Michael Licona and Craig Blomberg

Article ID:



Mar 8, 2023


Dec 6, 2018


This response first appeared in the Christian Research Journal, volume 40, number 04 (2017). The full text of this article in PDF format can be obtained by clicking here. For further information or to subscribe to the Christian Research Journal go to:

I would like to thank Professor Craig Blomberg for interacting with my most recent book Why Are There Differences in the Gospels? What We Can Learn from Ancient Biography (vol. 40, no. 2). In this book, I propose that compositional devices (i.e., literary devices commonly used in historical literature written during the Greco-Roman era) are responsible for many of the differences in the gospels. Blomberg’s article is a slightly edited version of the paper he delivered at the 2016 Annual Meeting of the Evangelical Theological Society. Mark Strauss and Darrel Bock also delivered papers related to my book. And the three papers were followed by a panel discussion in which I was included.
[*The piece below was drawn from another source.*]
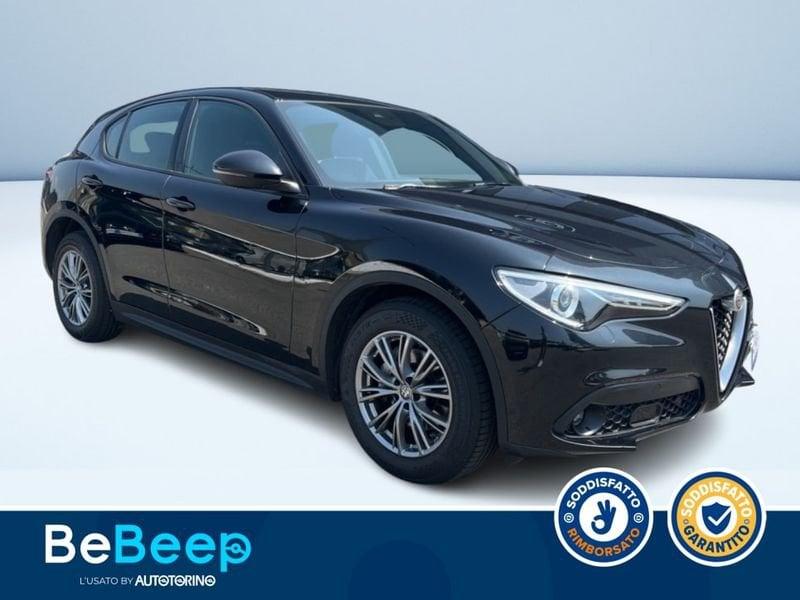 Alfa Romeo Stelvio 2.2 T BUSINESS RWD 160CV AUTO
Blomberg’s reservations with my book may be boiled down to two. (1) He thinks I regard compositional devices as the solution to all gospel differences, and (2) he expresses disagreement with a few of my solutions, asserting that an appeal to compositional devices in those instances is unnecessary. (I would like to note that Strauss and Bock did not share Blomberg’s concerns.)
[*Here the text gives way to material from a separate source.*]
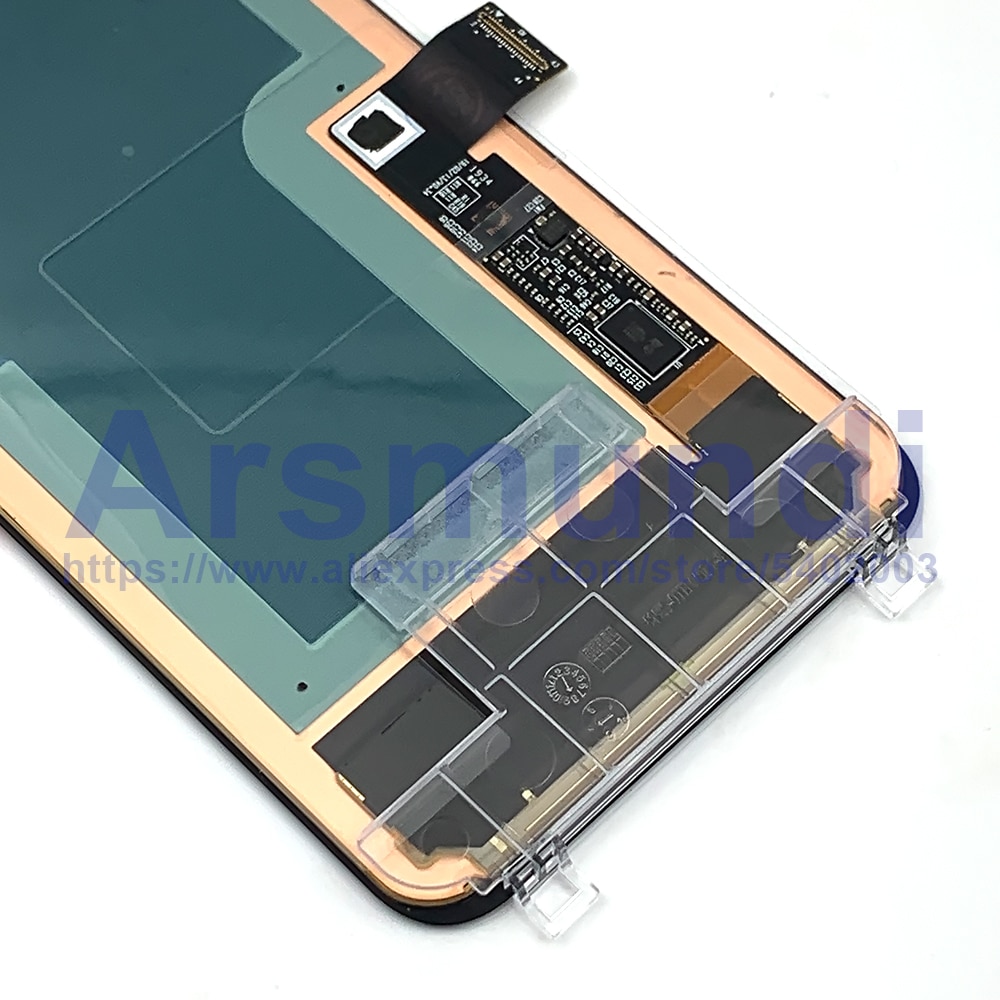 Original OLED For Google Pixel 4 G020I LCD Display Screen Touch Digitized Assembly Replacement For Google Pixel 4XL G020J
Regarding the first reservation, he writes,

It is understandable that [Licona] would want Plutarch to be the key to solving all the Gospel problems. But historians must be eclectics. There are all kinds of reasons for the differences among the canonical texts, and we dare not default to any single approach as our solution for all of them.

Blomberg’s comment is unfortunate, because I’m quite clear in the book that there are many reasons for the presence of differences. On page 2, I list ten to which may be added the compositional devices discussed in the book. On page 3, I write, “This book is not a Rosetta Stone for understanding all of the differences in the gospels.” On page 119, I write,

My proposed solutions are tentative. Others have offered different solutions. Some New Testament scholars may prefer to view some of the differences as resulting from an evangelist redacting the tradition in order to make a theological point rather than seeing the use of a compositional device. Such an approach may sometimes be preferable. In these pericopes, I am primarily attempting to view the differences in light of compositional devices to see if a greater understanding of what lays behind the differences may be obtained in some instances.

In my chapter summary on page 182, I write, “I have limited myself to those pericopes I regard as having the best chance of containing differences resulting from the same type of compositional devices.” Naturally, these “best chance” examples will suggest the use of compositional devices. Ironically, Blomberg himself wrote in his review, “[Licona] often acknowledges multiple options for explaining certain differences.” This is a far cry from his contention that I am seeing compositional devices as “the key to solving all the Gospel problems.” That said, I think compositional devices very often illuminate what is behind gospel differences and do so in a manner superior to some of the solutions Blomberg proposes. But I’ll leave it to the reader to decide.

Blomberg’s second reservation with my book involves solutions I proposed for three gospel differences and for which he prefers other solutions: the location to which Jesus commanded His disciples to go after feeding the 5,000, the healing of blind Bartimaeus, and the day and time of Jesus’ crucifixion. Space limitations prevent me here from addressing the weaknesses in Blomberg’s alternative proposals. However, those interested may listen to the panel discussion where he and I discuss them: (begin at 10:25–45:00).

Michael R. Licona


Craig L. Blomberg replies: Mike Licona is a good friend. He has already taken too much flak just for asking about the literary genre of Matthew 27:52b–53, and his views have been repeatedly misrepresented by his harshest critics. I do not want to replicate that process on the issue of gospel parallels. I knew that Mike acknowledged other options as possible besides those he chose. But as his reply acknowledges, he chose only passages where he believed Plutarch’s compositional devices solved the problems best. So there is no tension between my noting that he allowed for other solutions while nevertheless taking a uniform approach to all the passages that he treated.

My biggest concern is not clearly reflected in either of the two points Mike makes to summarize my reservations. That concern is that I do not believe the gospel writers ever just invented unhistorical material to flesh out their accounts of Jesus’ words and works. Plutarch does do this at times, and this is where I believe the value of appealing to Plutarch breaks down. Neither Darrell Bock nor Mark Strauss has ever suggested that option; their remit at ETS was to deal with other issues.